DATA IN THIS EXERCISE below:

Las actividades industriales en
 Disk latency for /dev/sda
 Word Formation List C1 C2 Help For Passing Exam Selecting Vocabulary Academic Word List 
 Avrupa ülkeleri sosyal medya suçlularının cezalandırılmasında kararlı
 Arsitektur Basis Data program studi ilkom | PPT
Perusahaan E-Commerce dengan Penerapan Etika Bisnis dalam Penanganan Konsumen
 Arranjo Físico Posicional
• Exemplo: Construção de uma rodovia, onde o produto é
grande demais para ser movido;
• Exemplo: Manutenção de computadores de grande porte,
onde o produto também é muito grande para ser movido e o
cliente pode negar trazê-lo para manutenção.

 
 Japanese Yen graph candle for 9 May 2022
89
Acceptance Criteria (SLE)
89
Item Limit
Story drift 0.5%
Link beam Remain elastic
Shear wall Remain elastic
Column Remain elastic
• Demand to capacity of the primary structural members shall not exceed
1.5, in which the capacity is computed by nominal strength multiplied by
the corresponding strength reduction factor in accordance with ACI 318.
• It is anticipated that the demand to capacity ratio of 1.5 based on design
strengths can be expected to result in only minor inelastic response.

End of DATA IN THIS EXERCISE.

→ **TRY IT**
Go through the listing above and copy each line where the string "movido" appears.

→ **RESPONSE BELOW**
grande demais para ser movido;
onde o produto também é muito grande para ser movido e o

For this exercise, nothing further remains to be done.